- Aim of the task -
Return the run of lines below that opens with the line containing "i'm playing shining" and closes with the line containing "Giubbotto imbottito con", keeping each one exact.

────────────────

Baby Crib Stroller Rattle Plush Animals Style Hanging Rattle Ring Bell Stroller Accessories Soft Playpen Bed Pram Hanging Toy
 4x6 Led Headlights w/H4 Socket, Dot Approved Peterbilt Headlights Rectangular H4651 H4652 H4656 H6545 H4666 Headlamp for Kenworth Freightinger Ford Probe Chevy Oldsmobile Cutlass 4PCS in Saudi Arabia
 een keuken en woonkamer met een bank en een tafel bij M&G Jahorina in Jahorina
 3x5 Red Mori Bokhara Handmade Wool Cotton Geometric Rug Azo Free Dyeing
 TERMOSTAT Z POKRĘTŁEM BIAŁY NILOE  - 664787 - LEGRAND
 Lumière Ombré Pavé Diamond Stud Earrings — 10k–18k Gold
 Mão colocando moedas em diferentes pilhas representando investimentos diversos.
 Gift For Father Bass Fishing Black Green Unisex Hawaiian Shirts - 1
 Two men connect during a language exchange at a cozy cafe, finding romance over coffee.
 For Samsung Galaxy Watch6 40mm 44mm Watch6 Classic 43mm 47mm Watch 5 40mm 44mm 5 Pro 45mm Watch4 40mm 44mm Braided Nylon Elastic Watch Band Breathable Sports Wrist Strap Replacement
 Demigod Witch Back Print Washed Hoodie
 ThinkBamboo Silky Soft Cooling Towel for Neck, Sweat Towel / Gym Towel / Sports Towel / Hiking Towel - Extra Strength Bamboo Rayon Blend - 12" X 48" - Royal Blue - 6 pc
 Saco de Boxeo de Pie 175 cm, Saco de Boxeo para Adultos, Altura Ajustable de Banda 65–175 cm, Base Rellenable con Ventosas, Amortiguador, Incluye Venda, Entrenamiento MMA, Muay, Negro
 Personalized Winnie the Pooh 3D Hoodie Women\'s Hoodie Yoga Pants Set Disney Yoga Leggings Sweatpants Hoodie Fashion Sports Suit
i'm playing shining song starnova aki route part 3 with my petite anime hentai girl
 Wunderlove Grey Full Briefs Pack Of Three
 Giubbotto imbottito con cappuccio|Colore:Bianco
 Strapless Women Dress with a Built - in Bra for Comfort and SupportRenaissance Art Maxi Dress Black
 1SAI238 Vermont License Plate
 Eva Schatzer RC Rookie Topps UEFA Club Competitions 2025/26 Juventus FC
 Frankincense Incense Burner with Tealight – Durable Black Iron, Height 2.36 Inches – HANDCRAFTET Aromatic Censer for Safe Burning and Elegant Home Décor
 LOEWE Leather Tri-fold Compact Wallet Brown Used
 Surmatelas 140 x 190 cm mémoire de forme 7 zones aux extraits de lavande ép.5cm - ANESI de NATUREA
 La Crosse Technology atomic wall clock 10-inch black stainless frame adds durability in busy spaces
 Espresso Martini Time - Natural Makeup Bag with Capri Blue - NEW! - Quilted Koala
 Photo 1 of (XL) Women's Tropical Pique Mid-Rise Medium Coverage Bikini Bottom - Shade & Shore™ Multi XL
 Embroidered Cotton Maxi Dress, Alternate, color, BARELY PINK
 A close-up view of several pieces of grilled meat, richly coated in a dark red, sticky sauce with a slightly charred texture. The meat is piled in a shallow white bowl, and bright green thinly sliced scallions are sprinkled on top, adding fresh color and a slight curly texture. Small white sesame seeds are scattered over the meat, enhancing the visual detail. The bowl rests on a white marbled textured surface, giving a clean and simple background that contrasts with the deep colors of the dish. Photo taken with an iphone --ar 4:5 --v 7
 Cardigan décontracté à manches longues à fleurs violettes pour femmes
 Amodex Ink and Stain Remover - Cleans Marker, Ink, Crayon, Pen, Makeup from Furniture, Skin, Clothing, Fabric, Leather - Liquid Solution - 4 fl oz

────────────────

- Output for this exercise -
i'm playing shining song starnova aki route part 3 with my petite anime hentai girl
 Wunderlove Grey Full Briefs Pack Of Three
 Giubbotto imbottito con cappuccio|Colore:Bianco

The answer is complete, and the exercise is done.